In a lengthy aggadic passage on today’s daf the Gemara addresses old age:
Rabbi Yehuda HaNasi said to Rabbi Shimon ben Halafta: For what reason did we not greet you during the Festival the way that my fathers greeted your fathers? This was a polite way of asking Rabbi Shimon ben Ḥalafta why he had not come to visit Rabbi Yehuda HaNasi. He said to him: Because I have grown old, and the rocks on the road have become tall, and destinations that are near have become far away, and my two feet have been made into three with the addition of a cane, and that which brings peace to the house, namely, the sexual drive which motivates a couple to make peace, is no more.
The Gemara describes examples of the weakness and illness that accompany old age. The protrusion of the hip bone is particularly noticeable when an elderly person suffers from weight loss as a result of the weakness of old age, known as senile marasmus.
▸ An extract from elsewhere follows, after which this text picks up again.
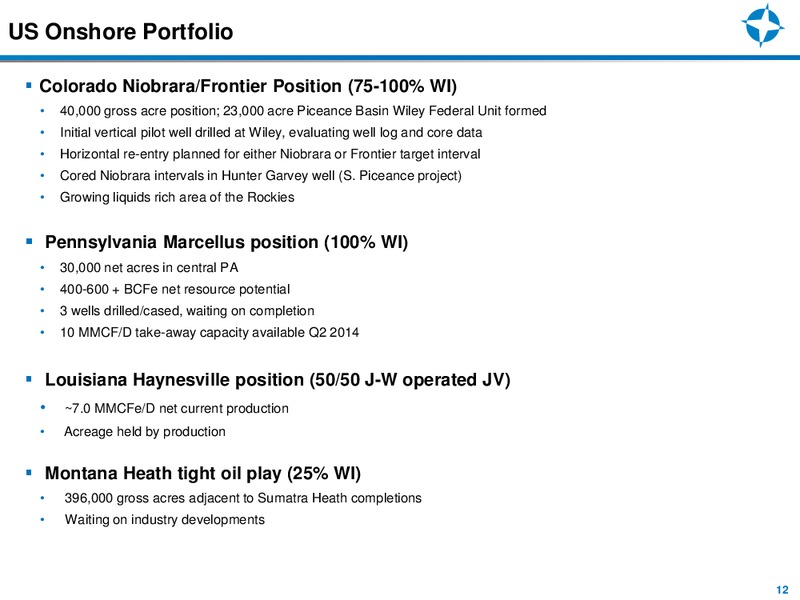 Johnson Rice & Co 2013 Energy Conference – Endeavour International Corp – slide 11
The metaphors used by Rabbi Shimon ben Ḥalafta have been interpreted in a variety of different ways. According to the midrash in Vayikra Rabba“destinations that are near have become far away” means that the ears that could once hear well, can now only hear with difficulty and from close by. The Anaf Yosef interprets “that which brings peace to the house” as a phrase that is referring to digestion, which makes peace within one’s body. If one cannot properly digest his food, he suffers significant discomfort and a lack of internal peace.
Regarding how aging affects one’s cognitive abilities, the Gemara distinguishes between people who are constantly active in their thinking and those who are not:
It was taught in a baraita that Rabbi Yishmael, son of Rabbi Yosei, says: As Torah scholars grow older, wisdom is increased in them, as it is stated: “With aged men is wisdom; and length of days brings understanding” (Iyyov 12:12). And as ignoramuses grow older, foolishness is increased in them, as it is stated: “He removes the speech of men of trust and takes away the understanding of the aged” (Iyyov 12:20).